Frequently Asked Questions

zy'-mo-glyph'-ic, adj. [Gr. zyme leaven + Gr. glyphe carving] 
1. Of, or pertaining to, images of fermentation, specifically the solid residue of creative fermentation on natural objects
2. The collection and arrangement of objects, primarily either natural or weathered by natural forces, for poetic effect

Q: What does "zymoglyphic" mean?"
This used to be the commonest question. It sometimes preceded "Hello." The formal definition is shown above and is posted in two places in the museum. The deeper ramifications of this important question have recently been analyzed in depth in "The Zymoglyphic Museum: Semiotics of a Fictocryptic Portland Institution" (Proceedings of the Society for Esoteric Museology). This article may be found on the museum's publications page.

Q: How did you find such a perfect word to describe your stuff?
I made it up.

Q: How long have you been doing this?
With the apparent success of the what-zymoglyphic-means awareness campaign, this question is now the most common. The museum welcomed its first visitor to the current location in December of 2016, but its roots go back to a childhood museum a half century ago. For details of the intervening years, see here.

Q: Is the museum kid-friendly?
The museum is ideal for someone such as a junior nerd with a burgeoning collection of rocks and skulls, looking for creative inspiration. It is not, however, a children's museum with pushbuttons or even a good place to while away some time with the kids. Exhibits are fragile and should not be touched, so small and rambunctious children would need constant watching. Ultimately we rely on parental/guardian judgment.

Q: Do you give tours?
No, the museum is best experienced as an individual or a in a small group, wandering and wondering. The curator will answer questions but does not lead a tour and group tours are discouraged.

Q: Do you rotate the exhibits?
No, new ones just get packed in.

Q: What does your wife think about it?
You can get the answer directly from the spouse's mouth! See here

Q: So you made all this? I thought this was a collection.
All the artifacts and dioramas in the museum are assembled by me from mostly found, sometimes purchased or donated components. There is also a collection of art and artifacts downstairs by others which is in the process of being organized.

Q: Do you sell your work?
As with any museum, the collections and exhibits are not for sale, but there is a museum shop! You can purchase prints, books, and souvenir merchandise online and at the museum. Postcards are available as well, but only at the museum.

Q: Why don't you sell some artifacts and dioramas?
A few reasons:
- New works generally grow out of the museum and become an integral part of it.
- Anything made for the "tourist trade" would probably not be very inspired
- The works themselves are often fragile and not very archival.

Q: Do you get your ideas from dreams?
No. I just put stuff together and see what happens. Sometimes I have dreams about a terrarium with some primordial ooze in it that is actually alive. Other times I will dream about art works that, in the dream, other people have made. I think, "Wow! I wish I had thought of that!". Which, of course, I did.

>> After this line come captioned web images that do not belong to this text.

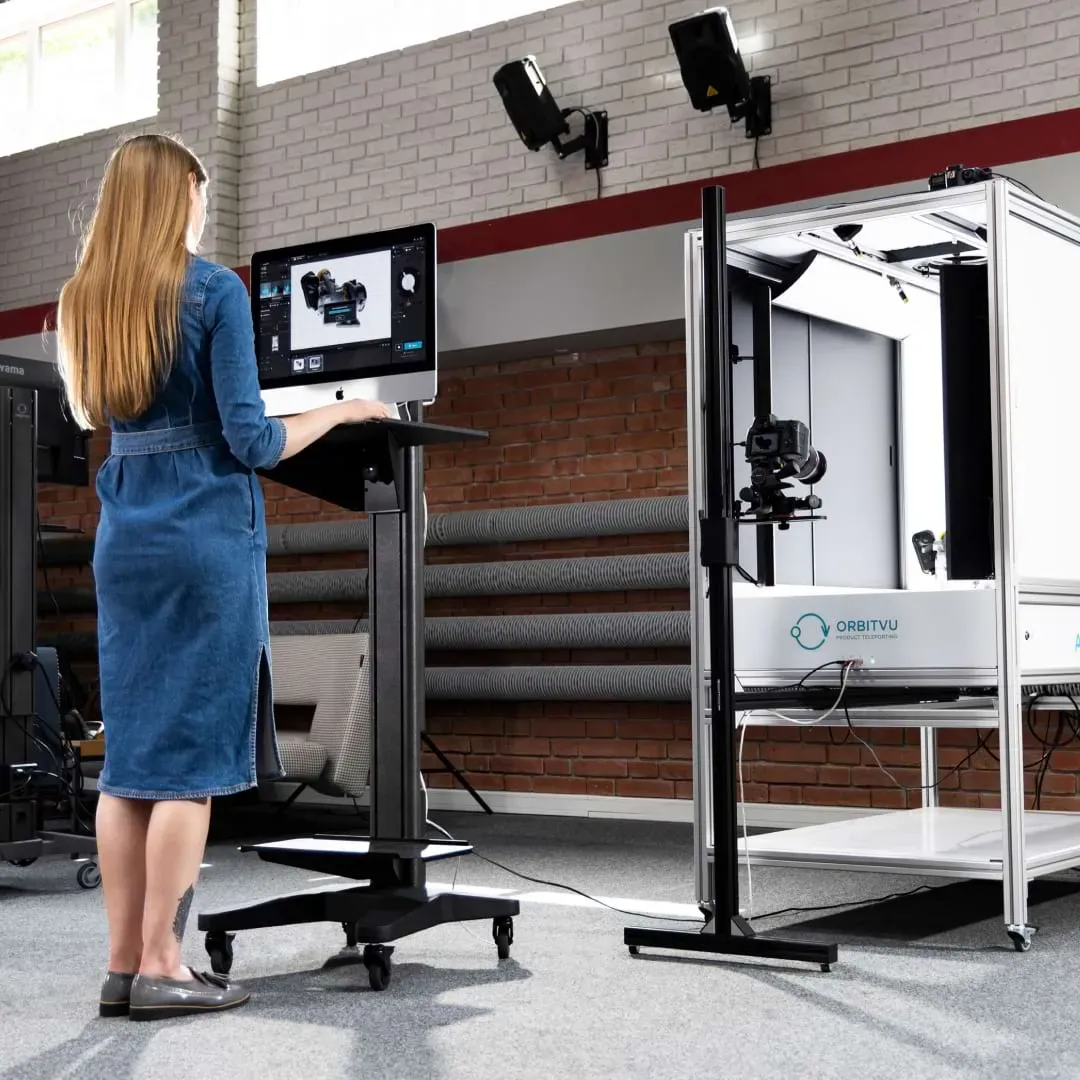 Femme utilisant le studio Orbitvu et un poste de travail mobile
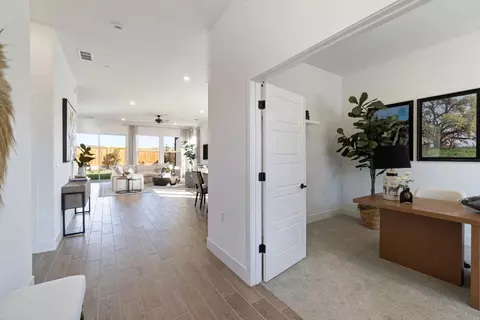 Entry Way - 2283 N Argyle Ave, Clovis, CA 93619 photo 1 of 3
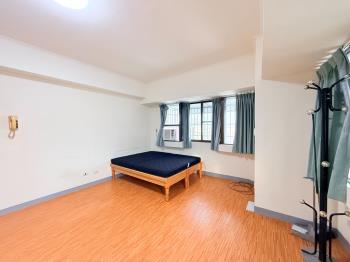 近高雄火車站邊間採光美宅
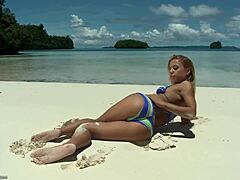 Nikki Bikini Tease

Q:What's your favorite piece?
It's all one piece!

Q: Do you allow photography?
Yes, in fact photography is encouraged. The museum maintains a special page for selected photographs taken by visitors.

Q: Hey, I've got a whole garage full of weird stuff!  Maybe I should start my own museum!   Any tips??
Yes! The museum staff has compiled a handy booklet for patrons in just your situation! You can download it here (PDF). Should your museum develop an online presence, please inform the museum staff and you can be added to our list of affiliated institutions.

Q: Where can I see yet more questions answered?
A couple of bloggers have done email interviews with the curator. You can see the results at Kicks Condor and Book of Cade.